Although previous studies have shown an association between individual socioeconomic status and chronic kidney disease, less is known about how the characteristics of an individual’s neighborhood, such as overall socioeconomic status, walkability, violent crime and availability of healthy food, may influence the risk of chronic kidney disease, poor blood sugar control (A1c over or equal to 6.5 percent) and uncontrolled high blood pressure (at least one instance of systolic blood pressure greater than 140 mm Hg and/or diastolic blood pressure greater than 90 mm Hg), especially in urban areas.

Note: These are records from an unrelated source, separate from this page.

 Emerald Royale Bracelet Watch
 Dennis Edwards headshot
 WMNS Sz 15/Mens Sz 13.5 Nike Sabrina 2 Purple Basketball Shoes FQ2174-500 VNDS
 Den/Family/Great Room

In a study of 23,692 adult Philadelphians, all seen in a primary care practice in 2016 or 2017, the authors found that those living in low socioeconomic status neighborhoods (factoring in neighborhood income, educational attainment and occupation), were more likely to have kidney disease than those living in higher socioeconomic status neighborhoods. Also, poor neighborhood walkability, as measured by Walkscore, was associated with poor blood sugar control in chronic kidney disease patients and poor blood pressure control in those without chronic kidney disease. The authors adjusted for individual age, race, sex and insurance type.

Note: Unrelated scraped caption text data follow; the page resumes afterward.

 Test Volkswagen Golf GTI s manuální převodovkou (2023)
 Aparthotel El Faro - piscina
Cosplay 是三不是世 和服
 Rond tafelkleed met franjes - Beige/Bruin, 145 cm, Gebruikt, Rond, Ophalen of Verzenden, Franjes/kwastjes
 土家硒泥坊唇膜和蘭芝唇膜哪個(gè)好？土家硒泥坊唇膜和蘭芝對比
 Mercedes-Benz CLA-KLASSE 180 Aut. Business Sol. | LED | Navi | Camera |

“Our finding, that people who are living in neighborhoods with the fewest resources are at highest risk for kidney disease, should be a call to health providers to integrate knowledge about their patients’ environments in their care processes, and to policymakers to allocate resources to at-risk communities that will promote health,” said senior author Meera Harhay, MD, an associate professor of Medicine at Drexel’s College of Medicine and Dornsife School of Public Health. “Our results also show that neighborhood environments that promote physical activity are protective when it comes to blood pressure and blood sugar management, whereas less walkable neighborhoods might exacerbate conditions that are risk factors for kidney disease.”
Chronic kidney disease is characterized by damaged kidneys that are unable to adequately filter waste and excess fluids out of blood. Without early detection and management of blood pressure and blood glucose, this damage can lead to kidney failure and dialysis or a kidney transplant as the remaining options. An estimated 37 million—15%—of U.S. adults are estimated to suffer from chronic kidney disease, and nine out of 10 of those cases go undiagnosed. The findings of this research are valuable to the U.S. Department of Health and Human Services’ Advancing American Kidney Health Initiative, whose goals include reducing the number of Americans in end-stage renal disease by 25% by 2030.

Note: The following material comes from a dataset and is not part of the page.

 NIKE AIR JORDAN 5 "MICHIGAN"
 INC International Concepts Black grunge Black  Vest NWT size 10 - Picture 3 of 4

“This study offers tools to help identify communities at higher risk of kidney disease at earlier stages so their condition can be managed to prevent end-stage kidney disease from developing,” Harhay said. “Health providers should consider incorporating knowledge about neighborhood-level social determinants of health when they are assessing their patients.”
The authors note that future studies should look at what neighborhood characteristics might contribute to progression of chronic kidney disease, and whether socioeconomic status might be a marker for lower access to health-promoting resources, such as information on self-care and chronic disease management, that might help prevent chronic kidney disease.